J Cardiovasc Electrophysiol. 2020 Oct 5. doi: 10.1111/jce.14770. Online ahead of print.
INTRODUCTION: The impact of atrial arrhythmias on COVID-19-associated outcomes are unclear. We sought to identify prevalence, risk factors and outcomes associated with atrial arrhythmias among patients hospitalized with COVID-19.
METHODS: An observational cohort study of 1053 patients with SARS-CoV2 infection admitted to a quaternary care hospital and a community hospital was conducted. Data from electrocardiographic and telemetry were collected to identify atrial fibrillation (AF) or atrial flutter/tachycardia (AFL). The association between atrial arrhythmias and 30-day mortality was assessed with multivariable analysis.

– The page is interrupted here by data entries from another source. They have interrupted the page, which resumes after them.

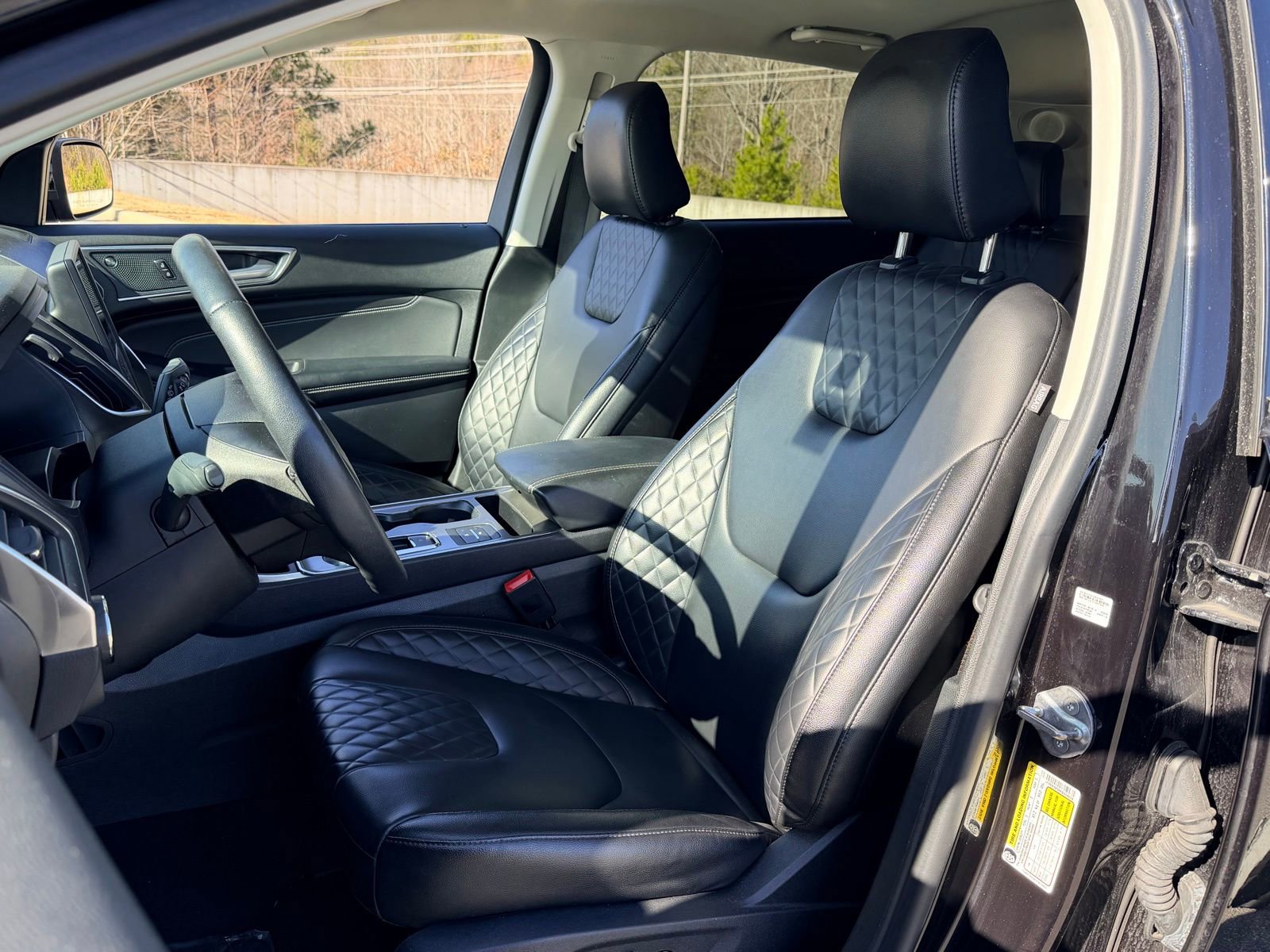 Used 2024 Ford Edge Titanium AWD/4WD image 15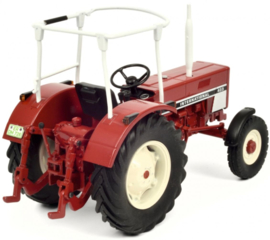 IH 433 tractor met veiligheids frame van Schuco. SC7794. Schaal 1:32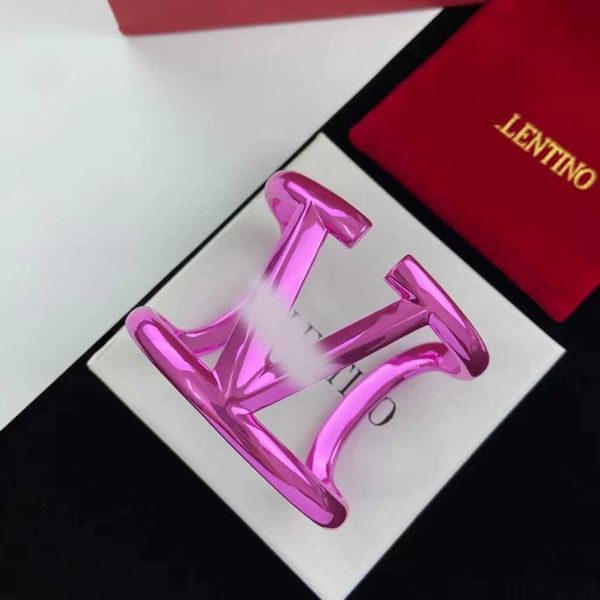 Designer Adjustable Bracelet letter V Luxury top jewelry Valentinolies Female Bracelet Large V Letter Popular Color Small Man Waist Personalized Jewelry gift
Designer Adjustable Bracelet letter V Luxury top jewelry Valentinolies Female Bracelet Large V Letter Popular Color Small Man Waist Personalized Jewelry gift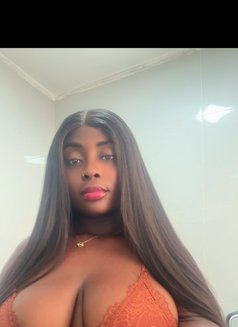 Nyla Ria - puta in Accra Photo 3 of 3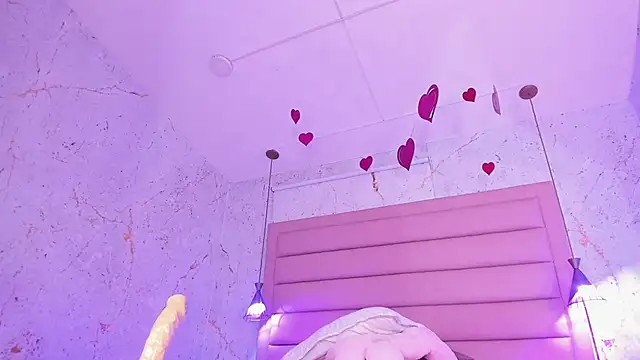 AntonellaRossi online show from 02/21/25, 09:43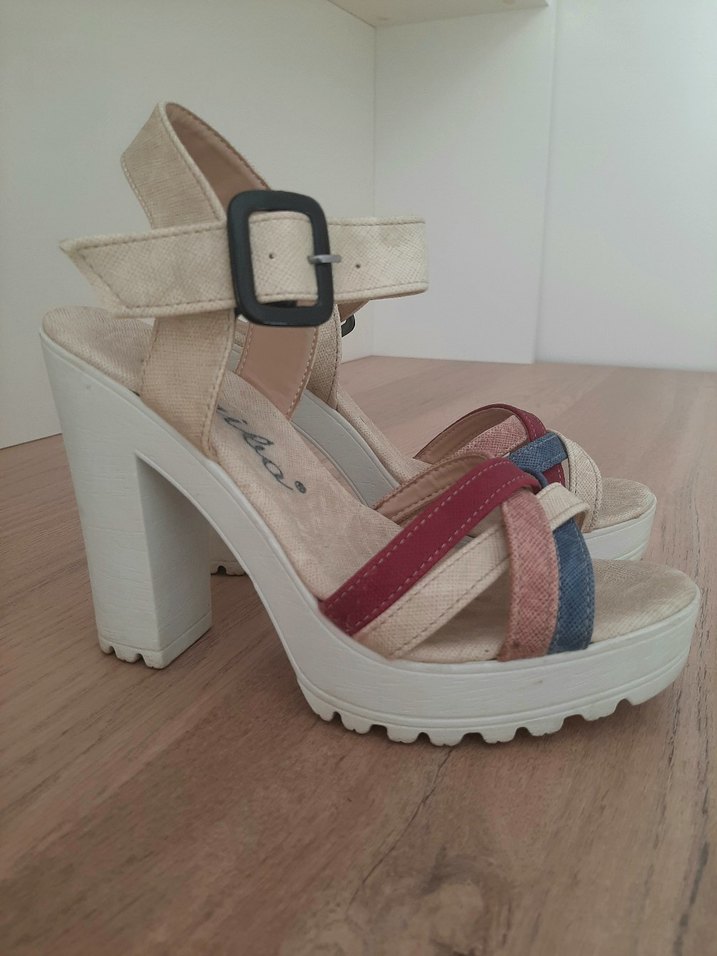 Bohem Tarzı Çok Renkli Platform Topuklu Sandalet - Görsel 2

RESULTS: Mean age of patients was 62 ± 17 years and 62% were men. Atrial arrhythmias were identified in 166 (15.8%) patients, with AF in 154 (14.6%) patients and AFL in 40 (3.8%) patients. Newly detected atrial arrhythmias occurred in 101 (9.6%) patients. Age, male sex, prior AF, renal disease, and hypoxia on presentation were independently associated with AF/AFL occurrence. Compared to patients without AF/AFL, patients with AF/AFL had significantly higher levels of troponin, B-type natriuretic peptide, C-reactive protein, ferritin and D-dimer. Mortality was significantly higher among patients with AF/AFL (39.2%) compared to patients without (13.4%; P<0.001). After adjustment for age and co-morbidities, AF/AFL (adjusted OR 1.93; P = 0.007) and newly detected AF/AFL (adjusted OR 2.87; P <0.001) were independently associated with 30-day mortality.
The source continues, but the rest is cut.